Giménez abandona a London y opta por Lem en la historia más abiertamente humorística de la serie, El misionero, que narra la peripecia del padre Oribacio durante la evangelización de los bondadosos memnogos. Para esta ocasión, Giménez prescinde de la división tradicional y planifica la página como un cuento infantil, con grandes viñetas sin marco, contrastando la dulce presencia de los memnogos, dibujados a modo de personajes infantiles, sin apenas rasgos más allá de los ojos, entintados sin sombras y con un trazo fino, frente al misionero, que destaca siempre por un entintado más grueso y con sombras en mancha de negro, que define perfectamente el realismo del personaje ante una contraparte casi feérica. Una división simple que permitirá al autor lograr un mayor contraste entre la bondad absoluta de la intención de los pequeños alienígenas frente a la propuesta religiosa, que llevada a su literalidad resulta aberrante. Años después, Alfonso Font homenajearía esta historia con una nueva y terrorífica versión.
Por último, y sin abandonar a Lem, Giménez presenta en Agonalia su mayor aproximación al universo humanoide francés, con especial querencia por la figura de Moebius.
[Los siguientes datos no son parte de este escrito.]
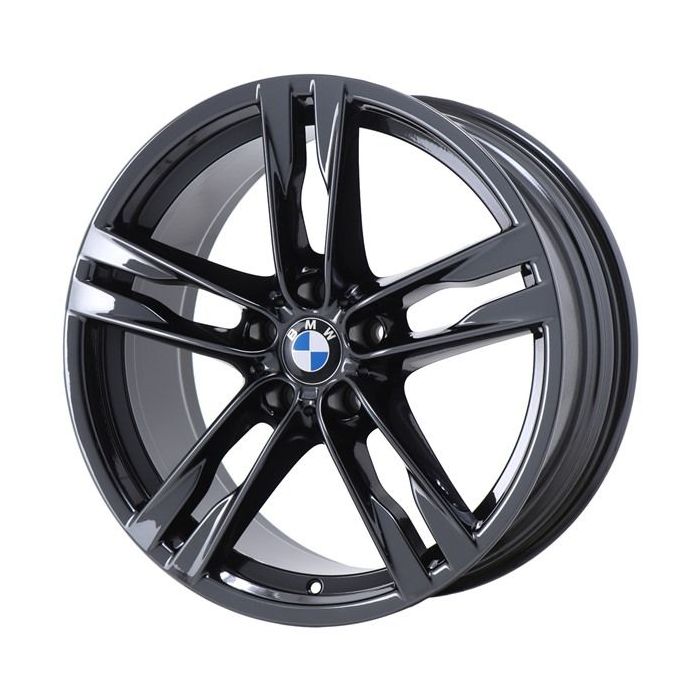 BMW 640i Wheel Rim PVD Black Chrome 71521 (F) Stock Factory OEM Replacement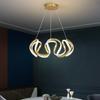 Modern Chandelier Led Chandelier Round Gold/black Chandelier Kitchen Living Room Dining Room Kitchen Room Lighting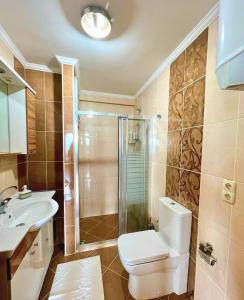 Koupelna v ubytování Amasra Doğa Apart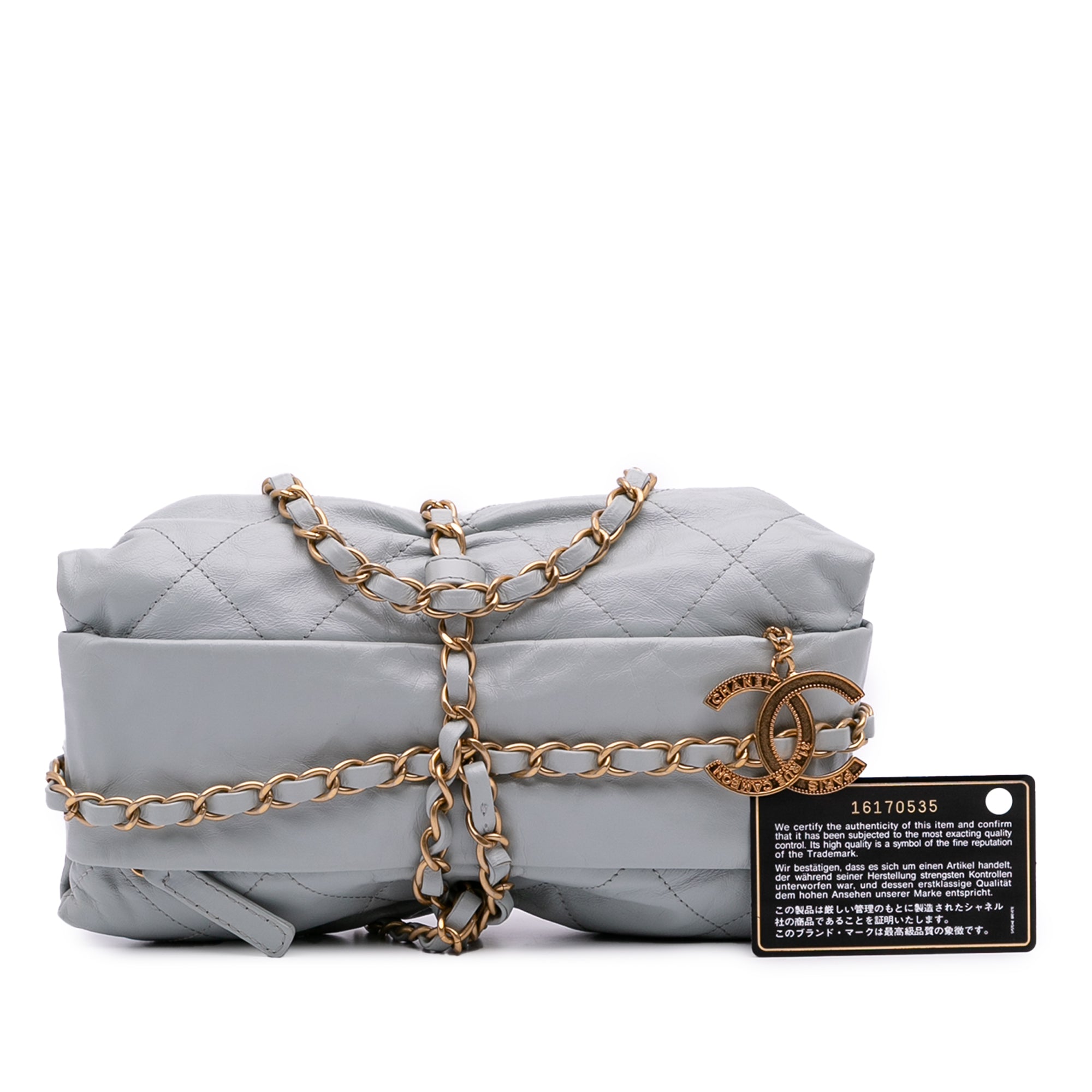 Quilted Calfskin Midnight Swim Baluchon Bag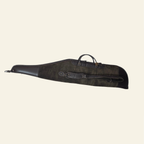 Husa carabina din piele maro/olive, Nobil Hunting, 130cm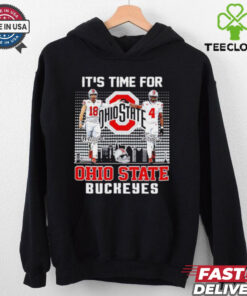 It’s time for Ohio State Buckeyes football Will Howard and Jeremiah Smith signatures skyline shirt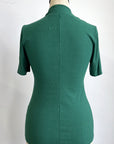 RESALE - Envie Blouse  - Evergreen Rib - XS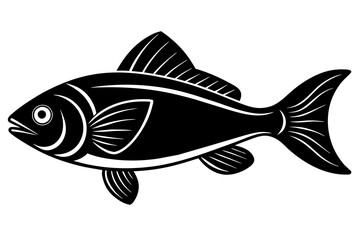 fish silhouette vector illustration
Aparentemente, opta de nuevo por la doble página como unidad narrativa, pero esta vez la subdivide en grandes hileras horizontales, que actúan de verdadero eje visual para el lector. La referencia a Moebius es obvia tanto en el estilo de entintando y planificación, claramente inspirado en obras como El Garaje Hermético, que en se momento revolucionaban la concepción de la historieta en Europa, como en las elecciones escenograficas: tecnología omnipresente, pero de fundamento orgánico, unión entre biología y máquina, etc. El clásico dicho “el hombre es el único animal que tropieza dos veces en la misma piedra” es reescrito de forma brutal y terminante, llevándolo el extremo del tropiezo a una elección voluntaria absurda e inútil.
Una obra calificada muchas veces como “menor” en la trayectoria de Giménez, pero que es sin duda fundamental para entender tanto el discurso ideológico de este autor como para comprender su evolución gráfica y formal.